Alliance leaders now offer meek prospects. “The January 31 deadline was not our ultimate deadline, so our struggle will continue,” Senator Jehanzeb Jamaldini, a lawmaker of the opposition Balochistan National Party Mengal (BNP-M), told Gandhara. “This government will fall because of its own mistakes and incompetence even if we fail to force it out of power.”
Jamaldini said a majority of political parties are ready to contest the Senate vote and have agreed to postpone their protest march until after the end of the Muslim holy month of Ramadan in mid-May. “Most [PDM member] parties agree that we should not leave the political arena and key institutions such as the parliament to government,” he said of the PDM’s logic behind contesting the polls.
But the disarray in the PDM’s ranks and its failure to force Khan out of power have emboldened the government to exploit its fissures.
“The PDM’s deadline has passed and the nation saw the reality of their hollow threat of mass resignations,” Information Minister Shibili Faraza tweeted on February 1. “The nation now knows that that their agenda is to protect personal interests and lust for power,” he added. “By rejecting all their words and deeds, the people have supported the elected democratic government.”
Suleman Khan Kakar, a political analyst in Islamabad, however, sees much deeper circumstances responsible for the fizzling out of PDM’s protests. He says the PDM’s biggest membersthe PPP, Pakistan Muslim League Nawaz (PML-N), and the Islamist party Jamiat Ulma-e Islamhave all worked to undermine and destabilize each other’s governments for years.
“This has created a kind of distrust among their top leaders that is not easy to overcome,” he said, noting the markedly different circumstances in which the three find themselves. Kakar says that despite their claims of vote-rigging the PPP actually improved its electoral performance in 2018 and have some share in power. “Their administration is now running the provincial government in Sindh, Pakistan’s second-largest province,” he said.
Unlike the PML-N and JUI, the PPP has been reluctant to take the country’s powerful military head-on. “If they end up on the wrong side of the military establishment, their grip on power will weaken,” he noted. “In Karachi, the provincial capital, rival political parties, criminal gangs, and terrorist groups can destabilize their party organization and provincial government,” he said, reflecting on volatile politics in the port city.
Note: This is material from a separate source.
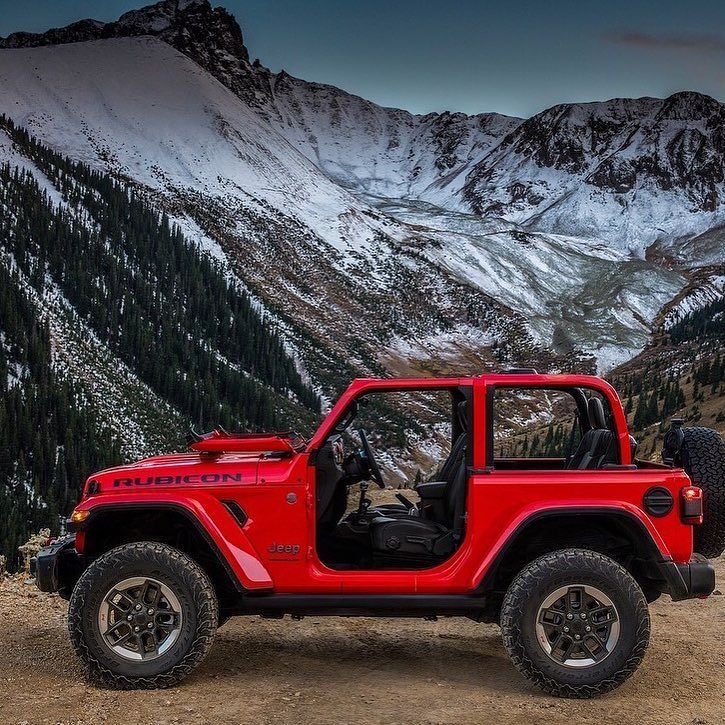 mt_loverman's tweet photo. Whelp. This is all I need to see. The new Wrangler rules!!! #jeep #wrangler #nodoors #nowindshield https://t.co/29P0TFe6Xu https://t.co/h418W9rSp3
Kakar says the PML-N, on the other hand, has historically played it safe. Apart from toying with the idea of becoming an ideological group, the party has limited itself to power politics where it cashed in its large vote bank in the eastern province of Punjab, Pakistan’s largest, to form governments with the military’s acquiescence during the past three decades. “Despite the efforts of some of its leaders, it will take a long time for this party to transform,” he said.
As a senior official of the nongovernmental National Democratic Institute in Pakistan, Kakar has interacted with Pakistani political elites for a decade. He says that periodic stints in power have hollowed out most of Pakistan’s political parties, which are typically hereditary organizations. “Many of the PDM political parties used the mobilization for their joint protests to quash internal dissent and reunite their party’s organization, which worked well for some of its leaders,” he noted.
A deep reconfiguration of the Pakistani political culture, however, does not appear to be in the cards in the immediate future.